> Exercise aim:
No pictures go into the copy. Write out exactly the lines below from the one containing "但相同的是 这两张脸 都与他一模一样" through the one containing "A beautiful macro".

> Provided data:
◆ ◆ ◆ ◆ ◆ ◆ ◆
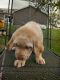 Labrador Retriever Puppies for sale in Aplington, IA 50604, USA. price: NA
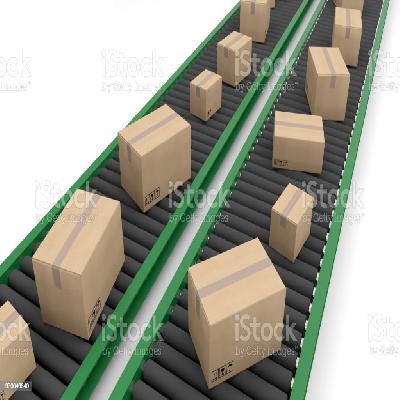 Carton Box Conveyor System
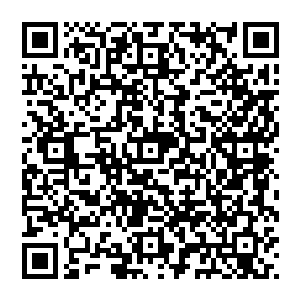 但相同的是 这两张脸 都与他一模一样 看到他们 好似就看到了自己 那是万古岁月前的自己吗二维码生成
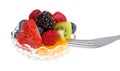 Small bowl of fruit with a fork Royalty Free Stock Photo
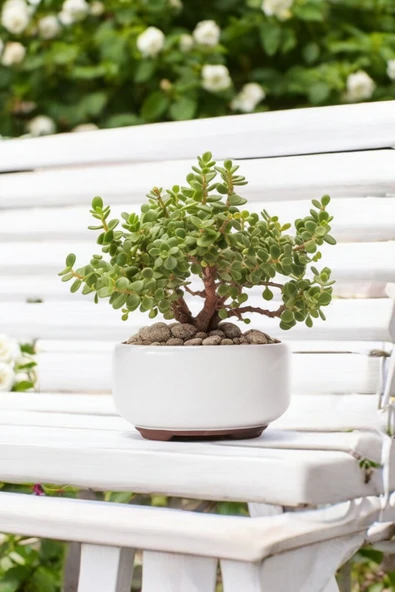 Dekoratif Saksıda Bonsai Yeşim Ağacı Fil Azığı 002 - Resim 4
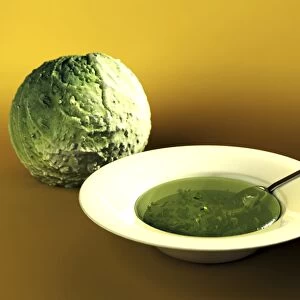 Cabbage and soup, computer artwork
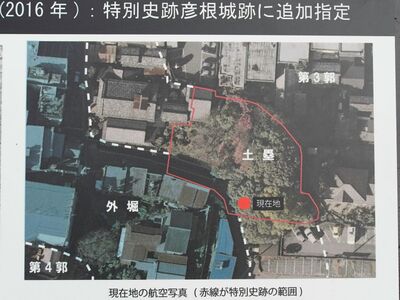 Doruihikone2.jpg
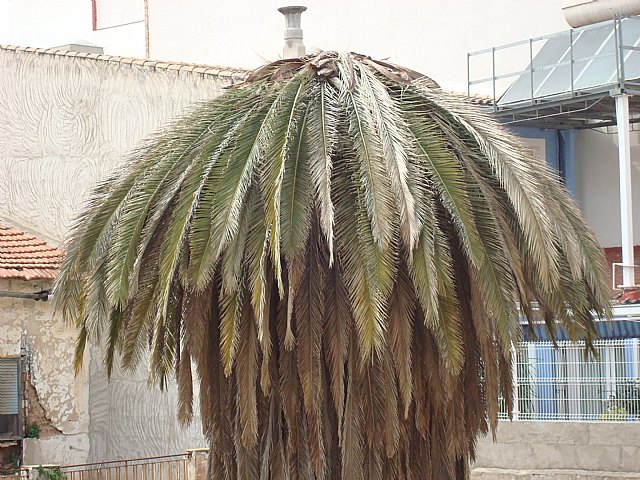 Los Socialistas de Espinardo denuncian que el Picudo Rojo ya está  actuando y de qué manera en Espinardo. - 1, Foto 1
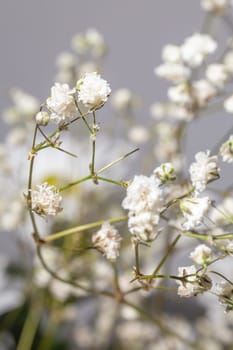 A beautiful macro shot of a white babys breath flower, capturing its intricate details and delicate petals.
◆ ◆ ◆ ◆ ◆ ◆ ◆
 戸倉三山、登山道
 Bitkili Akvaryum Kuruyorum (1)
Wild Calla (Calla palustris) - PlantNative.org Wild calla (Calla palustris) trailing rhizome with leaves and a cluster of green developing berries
◆ ◆ ◆ ◆ ◆ ◆ ◆
> Response:
 但相同的是 这两张脸 都与他一模一样 看到他们 好似就看到了自己 那是万古岁月前的自己吗二维码生成
 Small bowl of fruit with a fork Royalty Free Stock Photo
 Dekoratif Saksıda Bonsai Yeşim Ağacı Fil Azığı 002 - Resim 4
 Cabbage and soup, computer artwork
 Doruihikone2.jpg
 Los Socialistas de Espinardo denuncian que el Picudo Rojo ya está  actuando y de qué manera en Espinardo. - 1, Foto 1
 A beautiful macro shot of a white babys breath flower, capturing its intricate details and delicate petals.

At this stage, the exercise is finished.